Word-for-word transcription: reproduce all of the data, but not the pictures.

---- PROVIDED MATERIAL

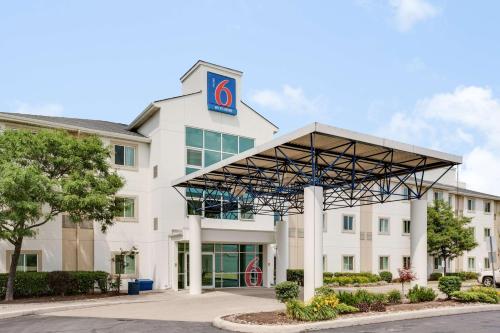 Motel 6-Brampton ON - Toronto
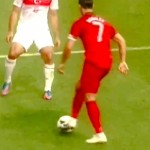 Cristiano Ronaldo humilie Altintop (VIDEO)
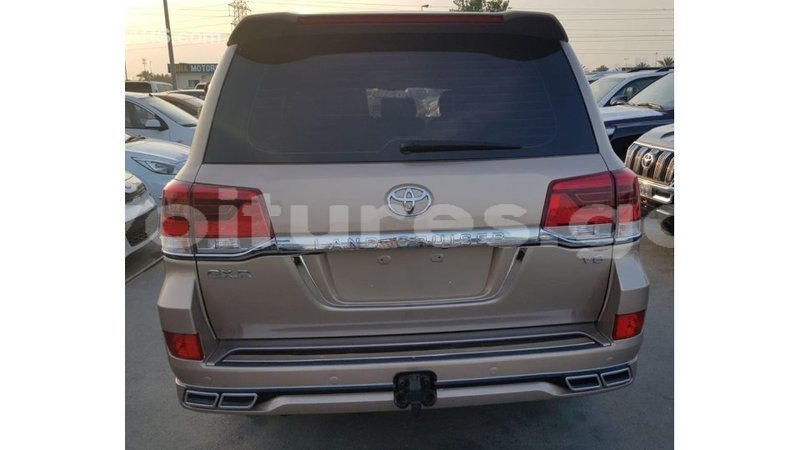 Big with watermark toyota land cruiser estuaire import dubai 6160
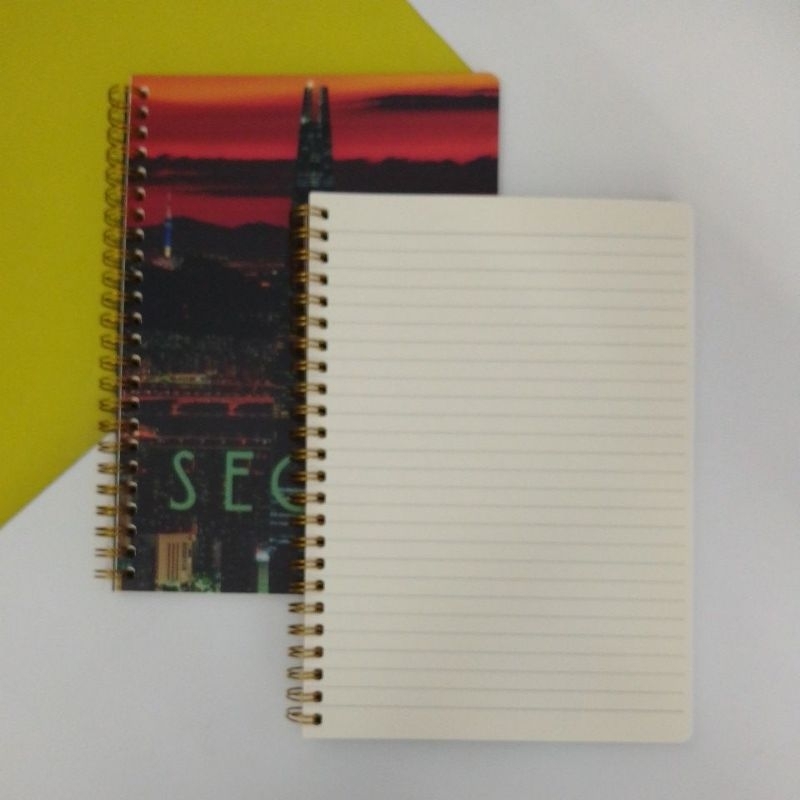 

￼NOTEBOOK OXFORD AESTHETIC BUKU TULIS catatan SPIRAL A5 80S D233A5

--------

*RESULT*:
 Motel 6-Brampton ON - Toronto
 Cristiano Ronaldo humilie Altintop (VIDEO)
 Big with watermark toyota land cruiser estuaire import dubai 6160

NOTEBOOK OXFORD AESTHETIC BUKU TULIS catatan SPIRAL A5 80S D233A5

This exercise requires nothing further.